[Data listing — start]
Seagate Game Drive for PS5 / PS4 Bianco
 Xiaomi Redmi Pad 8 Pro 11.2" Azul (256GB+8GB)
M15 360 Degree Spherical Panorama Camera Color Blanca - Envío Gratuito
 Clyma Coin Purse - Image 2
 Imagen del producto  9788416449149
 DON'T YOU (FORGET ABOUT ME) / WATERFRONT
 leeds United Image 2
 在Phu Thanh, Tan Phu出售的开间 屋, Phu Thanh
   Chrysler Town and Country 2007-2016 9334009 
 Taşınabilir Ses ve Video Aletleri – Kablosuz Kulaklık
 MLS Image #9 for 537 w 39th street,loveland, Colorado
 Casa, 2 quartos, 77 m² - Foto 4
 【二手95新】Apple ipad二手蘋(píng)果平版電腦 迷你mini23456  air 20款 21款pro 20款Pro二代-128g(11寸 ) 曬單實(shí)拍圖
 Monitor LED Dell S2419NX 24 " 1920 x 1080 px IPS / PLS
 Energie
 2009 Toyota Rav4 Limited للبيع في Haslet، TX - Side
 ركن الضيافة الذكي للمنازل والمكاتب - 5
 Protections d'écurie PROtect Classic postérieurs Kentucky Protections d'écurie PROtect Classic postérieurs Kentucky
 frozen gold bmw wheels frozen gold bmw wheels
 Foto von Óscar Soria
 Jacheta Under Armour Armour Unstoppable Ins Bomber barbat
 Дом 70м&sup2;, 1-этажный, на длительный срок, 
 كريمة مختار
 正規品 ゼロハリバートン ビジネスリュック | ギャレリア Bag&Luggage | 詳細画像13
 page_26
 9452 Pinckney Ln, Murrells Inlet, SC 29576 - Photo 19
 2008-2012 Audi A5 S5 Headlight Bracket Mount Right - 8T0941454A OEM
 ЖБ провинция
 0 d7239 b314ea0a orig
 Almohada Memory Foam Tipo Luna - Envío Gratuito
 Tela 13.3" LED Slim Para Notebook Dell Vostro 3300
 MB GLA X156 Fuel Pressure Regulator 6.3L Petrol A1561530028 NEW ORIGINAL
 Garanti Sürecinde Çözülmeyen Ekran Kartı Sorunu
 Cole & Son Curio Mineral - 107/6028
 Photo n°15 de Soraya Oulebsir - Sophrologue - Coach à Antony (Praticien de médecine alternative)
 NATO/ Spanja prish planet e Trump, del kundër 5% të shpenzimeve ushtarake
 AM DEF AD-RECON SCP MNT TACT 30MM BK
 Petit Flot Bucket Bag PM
[Data listing — finish]
> **Description of the task**:
If a line of the data holds the string "Foto", list it.

> **Task solution**:
 Casa, 2 quartos, 77 m² - Foto 4
 Foto von Óscar Soria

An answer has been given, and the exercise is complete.